Был длинный прямой коридор с камерами на правую руку. Странно, но все они были распахнуты настежь. Можно было выйти в коридор, самому набрать воды, даже поговорить с соседом. Человек позавидовал этим людям. Он со страданием подумал о своей угрюмой одиночке. Так много свободы ему не разрешалось. Но мало кто из заключенных пользовался этим правом выходить в коридор, а правом входить в чужую камеру не пользовался никто. Да и было ли оно у них, это право? Открытые двери могли ничего не значить.

В каждой из камер было по несколько человек. Теснота, спертый подвальный воздух, отовсюду тянуло промозглой сыростью. Скудный могильный свет едва сочился сквозь грязные стекла.

Часто попадались дети. Бедные тюремные дети с бледными, ломающимися волосами. Они тихо ссорились между собою, не смея разрешиться слезами и не смея посмотреть друг другу в глаза. Еще больше здесь было женщин, по-видимому, тут разрешалось совместное проживание. Эти были довольно веселы, и вообще взрослые, как человек успел заметить, были здесь гораздо беспечнее и счастливее детей, все они занимались своими делами, мурлыкали себе что-то под нос и не обращали на человека никакого внимания.
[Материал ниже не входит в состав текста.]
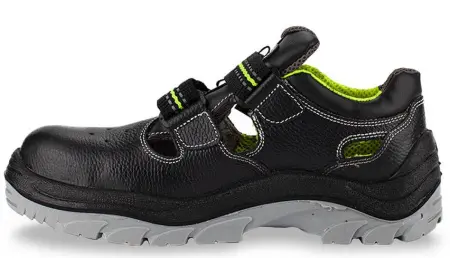 Полуботинки НЕОН ПУ/ТПУ кожаные с перфорацией с КП (черный)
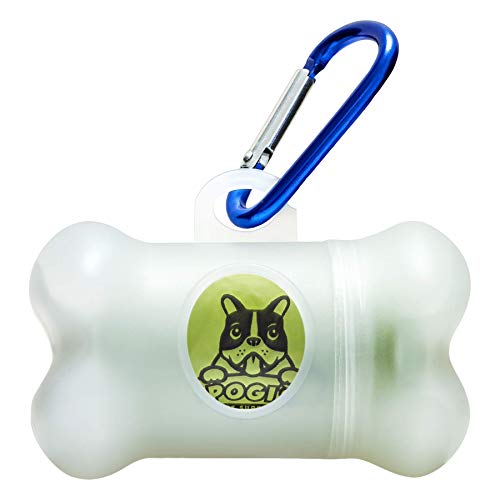 Pogi's Poop Bags - Dispensador para bolsas - Incluye 1 Rollo (15 Bolsas) - Ecológicas, perfumadas, herméticas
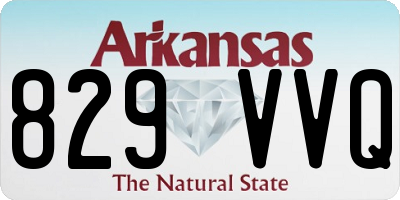 AR license plate 829VVQ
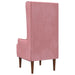 Stoel met hoge rugleuning Roze fluweel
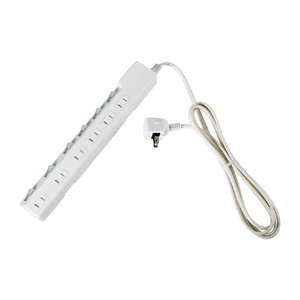 エルパ 耐雷電源タップ6個口2m ホワイト WLK-R62SW-イメージ8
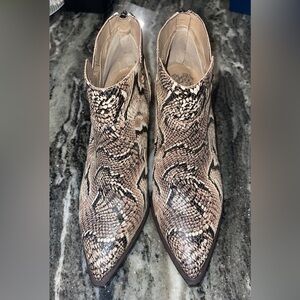 Vince Camuto Snake Skin Boots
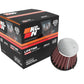 K&N Universal Chrome Filter 1 15/16 inch FLG / 3 inch Base / 2 inch Top / 3 inch Height - Racecraft Industries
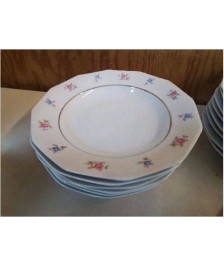 LOT DE 6 ASSIETTES CREUSES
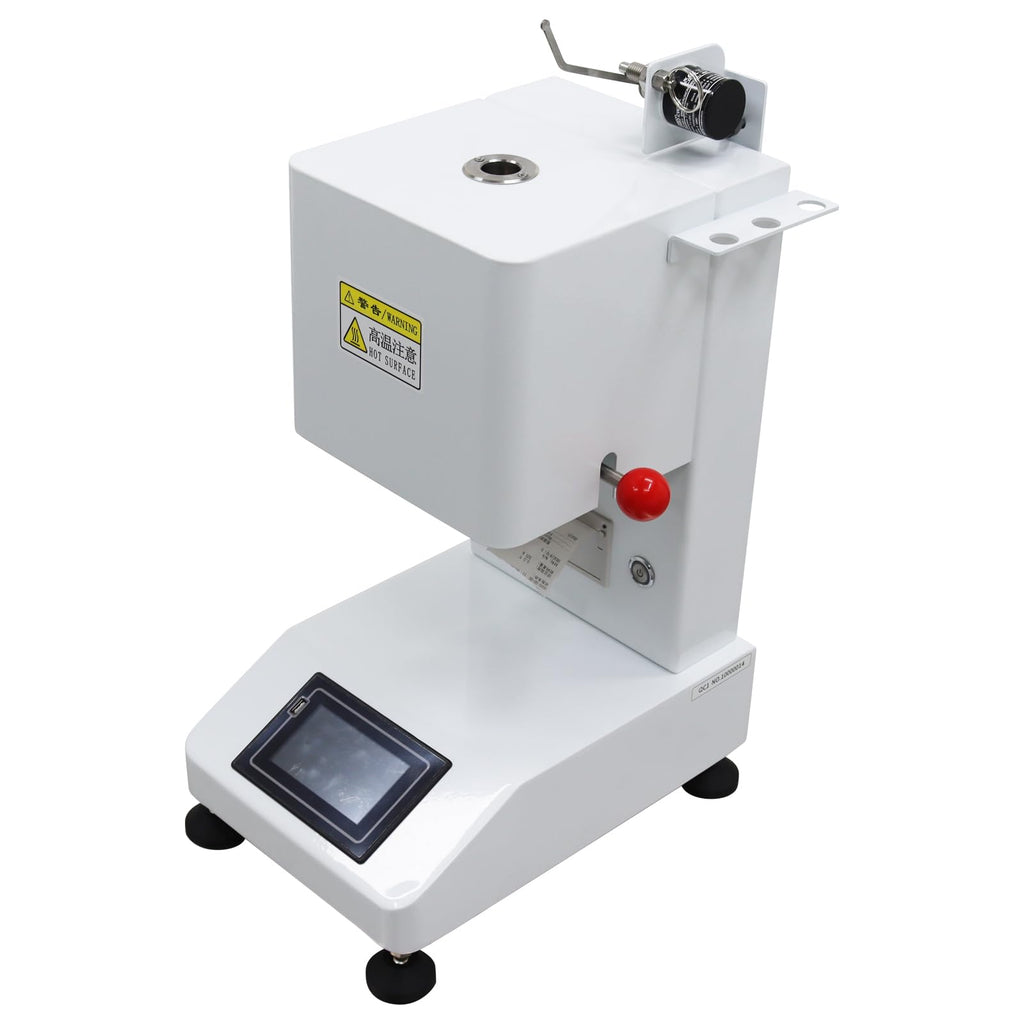 Automatic Melt Flow Rate Tester Melt Index Instrument MFR MVR Tester Indexer Flow Rate Meter with Touch Screen and Printer for Polymer Plastic 110V 500W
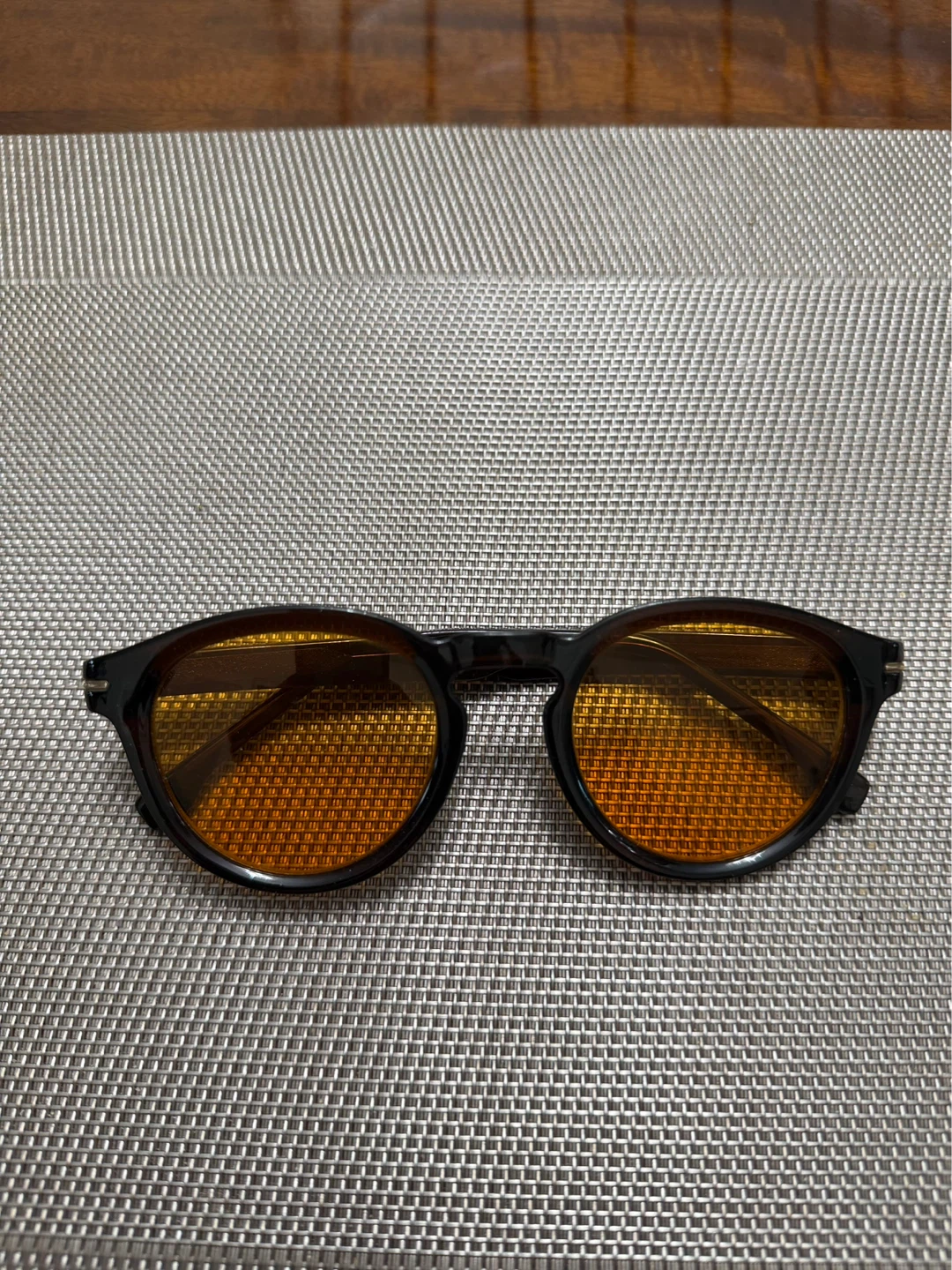 Brown Round Sunglasses with Amber Lenses - photo 2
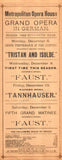 Metropolitan Opera - Lot of 15 Playbills Season 1886-87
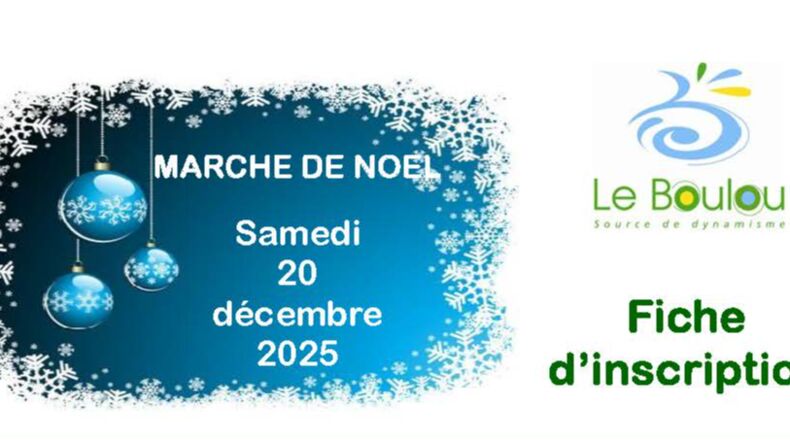 Inscriptions au Marché de Noël 2025 – Le Boulou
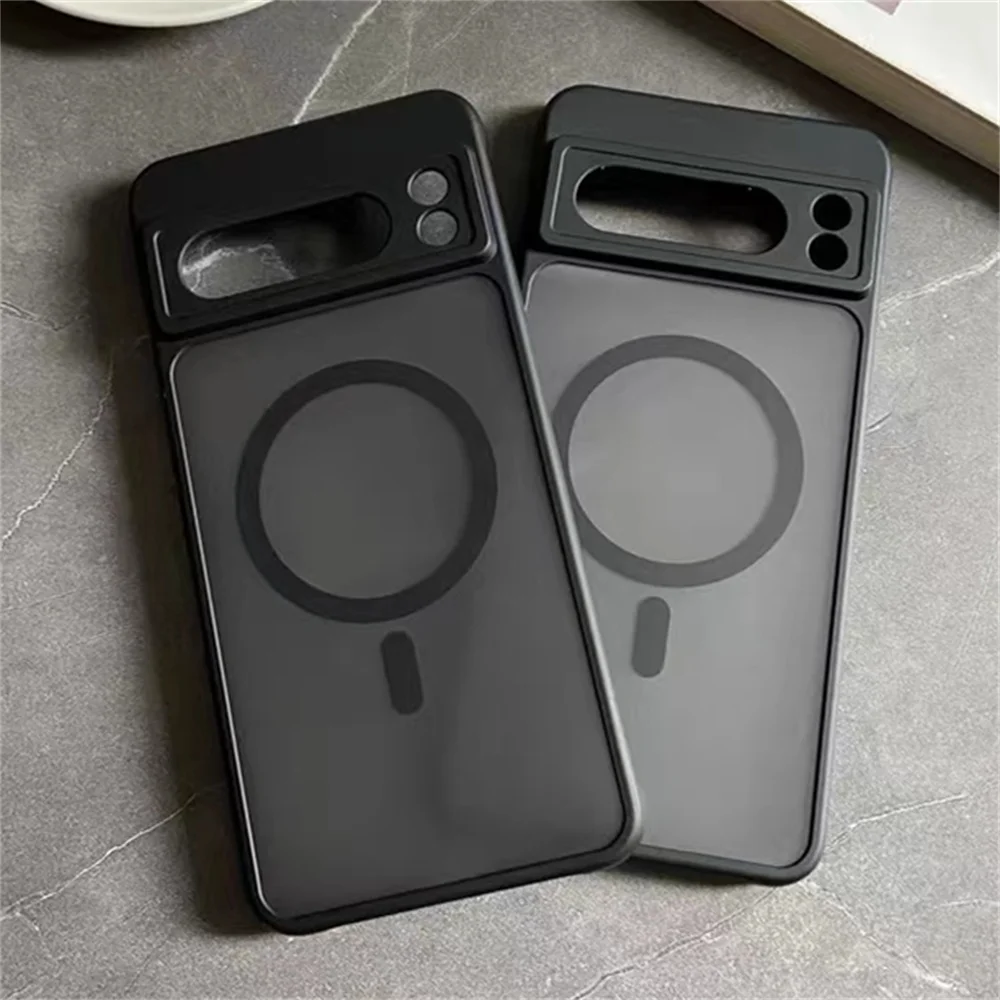 Luxury Matte Magnetic Case with Frosted Translucent Finish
Ели, играли в карты (интеллектуальные игры были запрещены), некоторыми читались тюремные инструкции. Только теперь человек заметил, какое множество этих застекленных инструкций было на стенах. Они были развешаны буквально всюду. Заключенные выходили в коридор и равнодушно читали их, беззвучно шевеля губами. По-видимому, они их старались запомнить.

В какой-то специально отведенной для этой цели камере обучали детей. Одни дети все так же-молча изводили друг друга щипками и булавками, другие прилежно отвечали, водя указкой по огромному, во всю стену, плану тюрьмы с бесчисленными руслами коридоров, зигзагами лестниц и квадратами окон. Самые маленькие читали стихи, составленные тюремными поэтами. Строгий воспитатель из взрослых заключенных наказывал ослушавшихся.

Человеку нравилось здесь. Он позавидовал этим людям. Он вспомнил свою угрюмую одиночку, в которой даже окошко было вчетверо уже, чем у них, своего ненавистного паука, которого он так наивно лелеял, свой лишайник, шмеля, склянку и всю бесполезную игру своего изощренного воображения, которое теперь безжалостно отменялось ввиду этой великолепно насыщенной жизни. Но что-то неуловимое подсказывало ему, что эти люди никогда не знали свободы. Все они, от седовласых старцев до грудных детей, были рождены здесь, так бледны и измождены были их лица, так призрачны и полупрозрачны руки. Но так беспечны были они в своей несвободе, так искренне беззаботны и веселы, что человек на миг усомнился в своей догадке. Но это-то и выдавало их происхождение. Поистине, подумал он, остановившись перед дверью, несвобода — это знать, а они и не ведали другой жизни. И человек пожалел их. Он был свободнорожденным, этот человек, и поэтому его не могли прельстить никакие преимущества тюрьмы.